Push for European Digital Libraries Begins
The European Commission (EC) also is giving chase to Google. It unveiled a strategy Fri. to make all of Europe’s written and audiovisual heritage available online. Digitizing the Continent’s historic and cultural heritage will “make it usable for European citizens for their studies, work or leisure and will give innovators, artists and entrepreneurs the raw material that they need,” the EC said.
“Without a collective memory, we are nothing, and can achieve nothing. It defines our identity and we use it continuously for education, work and leisure,” Information Society and Media Comr. Viviane Reding: “The Internet is the most powerful new tool we have had for storing and sharing information since the Gutenberg press, so let’s use it to make the material in Europe’s libraries and archives accessible to all.”
EC policymakers will take comments on their proposal in an online consultation ending Jan. 20. The results will be shaped into a proposal on digitization and digital preservation to be presented in June. Education and Culture Comr. J?n Figel stressed the importance of European cooperation. The project is “an obvious necessity,” he said: “It is about ensuring preservation and access to our common cultural heritage for the future generations.”
The EC archiving project includes books, film, photos, manuscripts, speeches and music. Compilers will have to mine a mountain of work. Europe’s libraries hold about 2.5 billion books and bound periodicals, plus millions of hours of film and video in broadcast archives. EC guidance covers digitization, online accessibility and digital preservation. Some EC member states have proposed similar actions, but the approach is fragmented, officials said. To avoid redundancy and incompatibility, the EC urged countries and major cultural institutions to join its effort.

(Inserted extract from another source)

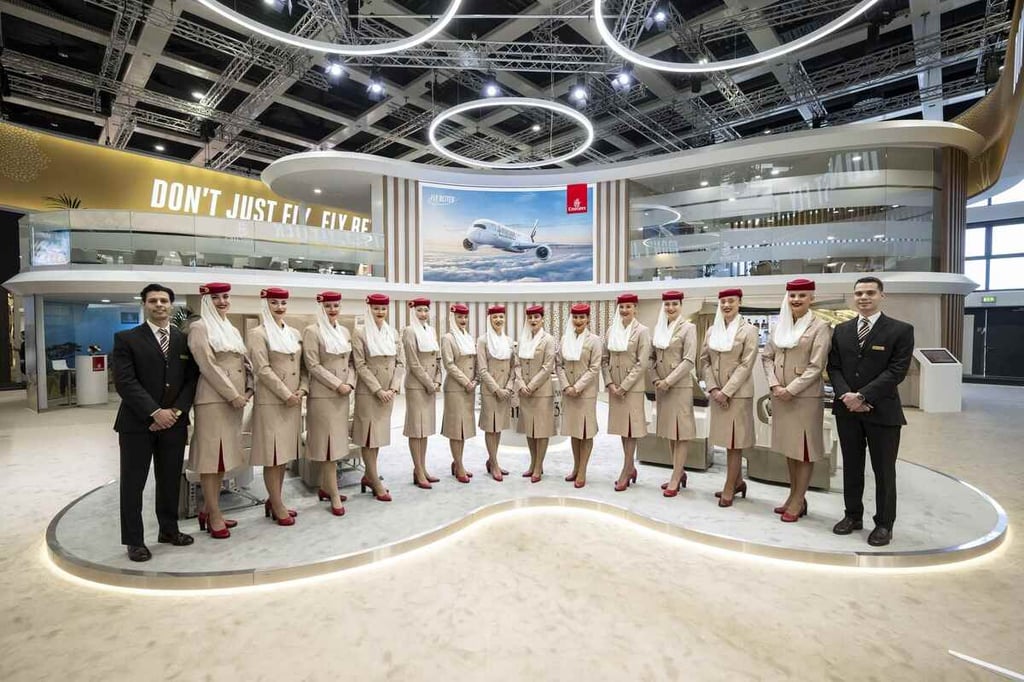 Emirates concludes participation in ITB Berlin 2025, forges 11 strategic agreements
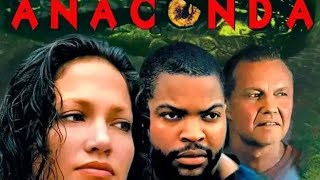 ملخص فيلم أناكوندا جينفر لوبيز أيس كوب -  Anaconda 1997 Full Movie | Action • Horror • ᴴᴰ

The Commission will add coordination and funding through its research programs and the eContentplus program. Consultation results also will be incorporated into related initiatives like a 2006 review of EU copyright rules and the 2007 implementation of community R&D programs. A high level group on digital libraries will advise the EC on how best to address EC-level challenges. Collaboration among countries will be facilitated by an update of the Lund action plan, which defines how to foster and improve digitization of cultural and scientific heritage. To measure progress, the process will use quantitative indicators, the Commission said.
The EC is contributing 36 million for research for the rest of 2005, with digital preservation efforts to expand considerably in years to come, the EC said. The eContentplus program, a community effort to make digital content in Europe more accessible, usable and exploitable, will contribute 60 million toward making national digital collections and services interoperable and aiding multilingual access and use of cultural material.